January 20, 2013 (TSR) – A girl’s best friend? How about an investor’s best friend? In a note on Friday, analysts at Nomura got excited about the diamond sector, saying it’s time for investors to take a look at the sector given that those coveted jewels aren’t exactly falling from the sky.

The analysts explain that after an overshoot in rough diamond prices in 2011, the market returned back to equilibrium in 2012. Unless the global economy gets better, those prices are likely to remain near these levels in 2013. However, they said, after this correction the downside looks limited.

One big reason? Diamond shortfalls are ongoing and not likely to end soon, with not many diamond exploration projects out there, said Nomura. Funding for exploration via the equity market has been nearly nonexistent since the crisis of 2008, making it look pretty good for the longer-term supply/demand dynamic for miners.
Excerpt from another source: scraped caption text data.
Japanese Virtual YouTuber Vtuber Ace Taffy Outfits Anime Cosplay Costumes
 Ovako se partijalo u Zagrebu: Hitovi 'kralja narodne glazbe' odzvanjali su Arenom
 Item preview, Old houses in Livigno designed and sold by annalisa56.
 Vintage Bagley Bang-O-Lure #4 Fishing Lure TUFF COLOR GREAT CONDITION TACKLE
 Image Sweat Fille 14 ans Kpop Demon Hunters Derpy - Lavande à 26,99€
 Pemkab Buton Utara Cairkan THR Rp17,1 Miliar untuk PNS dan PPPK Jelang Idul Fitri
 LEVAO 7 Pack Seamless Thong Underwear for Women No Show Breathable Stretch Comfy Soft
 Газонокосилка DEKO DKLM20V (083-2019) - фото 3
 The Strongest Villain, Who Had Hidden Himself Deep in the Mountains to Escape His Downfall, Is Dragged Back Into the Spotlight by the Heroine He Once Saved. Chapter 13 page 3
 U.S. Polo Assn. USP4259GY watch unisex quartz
From 2015 on, they expect demand to outstrip supply and say that should lead to enhanced margins for robust producers and kick off a new exploration cycle for those sparkly stones. Near term, Rio Tinto has a lower-carat value Argyle mine, which Nomura says matches potential Asian demand.

As for stocks, they say a “refocused” De Beers (85% owned by Anglo American, which they initiated at a buy with a price target of 160 pence and Harry Winston (soon to be Dominion Diamond), initiated at a buy at 19 Canadian dollars. Gem Diamonds should be avoided as it is reviewing its growth strategy, said Nomura, which initiated on the company with a reduce rating.